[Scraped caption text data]
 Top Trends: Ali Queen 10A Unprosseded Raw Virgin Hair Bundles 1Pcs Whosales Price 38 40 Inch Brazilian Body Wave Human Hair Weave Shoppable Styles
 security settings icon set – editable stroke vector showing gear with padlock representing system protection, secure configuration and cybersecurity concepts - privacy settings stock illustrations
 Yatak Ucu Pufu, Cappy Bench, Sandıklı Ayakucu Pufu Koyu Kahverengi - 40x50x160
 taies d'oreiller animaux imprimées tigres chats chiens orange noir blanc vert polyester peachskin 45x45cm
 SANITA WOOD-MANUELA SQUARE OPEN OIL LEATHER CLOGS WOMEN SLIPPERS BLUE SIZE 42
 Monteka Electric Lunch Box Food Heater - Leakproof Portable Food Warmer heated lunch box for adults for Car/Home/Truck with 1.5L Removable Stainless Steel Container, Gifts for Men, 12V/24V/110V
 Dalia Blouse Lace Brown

- What the exercise asks -
Reproduce exactly the line that holds "SANITA WOOD-MANUELA SQUARE", then every line after it, ending with the final line of the records above.

- Answer space -
 SANITA WOOD-MANUELA SQUARE OPEN OIL LEATHER CLOGS WOMEN SLIPPERS BLUE SIZE 42
 Monteka Electric Lunch Box Food Heater - Leakproof Portable Food Warmer heated lunch box for adults for Car/Home/Truck with 1.5L Removable Stainless Steel Container, Gifts for Men, 12V/24V/110V
 Dalia Blouse Lace Brown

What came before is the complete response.